Ruse Airport  (), also known as Shtraklevo (Щръклево) after the village located to the north, is a former military and passenger airport located about 20 km south of the city of Ruse, Bulgaria. It is currently open, but with an active license for small passenger and cargo flights (license issued on 21.12.2016).

History 
The airport was established in 1967 as a training site for pilots from the Bulgarian Air Force. The airport was named 11th Air Base "Shtraklevo" and equipped with Aero L-29 Delfin coming from Dolna Mitropoliya Airport. It was used by Balkan Bulgarian Airlines for its domestic flights to Sofia Airport, but with the end of the communist era in Bulgaria, domestic flights weren't profitable, due to lack of government funding. It served as a training base until 1998, when it ceased military operations and was finally abandoned in 1999.

Developing 
The government of Bulgaria decided to grant concession of some of its international airports, but the first procedure in late 2007 wasn't successful, although there was interest from the Swiss investor Ferdinand Prisi and the Bulgarian company Prista Oil. The government decided to make a new bid for the airport of Ruse, the new concourse should take place in the middle of December 2007, but later postponed it to unknown date.

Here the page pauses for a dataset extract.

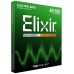 Elixir Strings 14677 Electric Bass Strings Nanoweb Long-Scale Light/Medium - .045-.105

In mid-October 2014, the Ministry of Transport decided to grant the ownership of the airport to Ruse Municipality. The idea was approved by the municipality Councilors and the finalization of the deal was expected to occur in early November 2014. The airport's manager, Nikolay Gorchev, stated in an interview that when the deal was completed, an application for license for aviation activities would be made.

The Bulgarian government transferred ownership of the property in Shtraklevo village, as well as its stake in the airport to Ruse municipality on 17 December 2014. The procedure was finalized on 4 February 2015  and the airport is currently officially owned by Ruse municipality. From 2017, the airport is open for small passenger and cargo aircraft.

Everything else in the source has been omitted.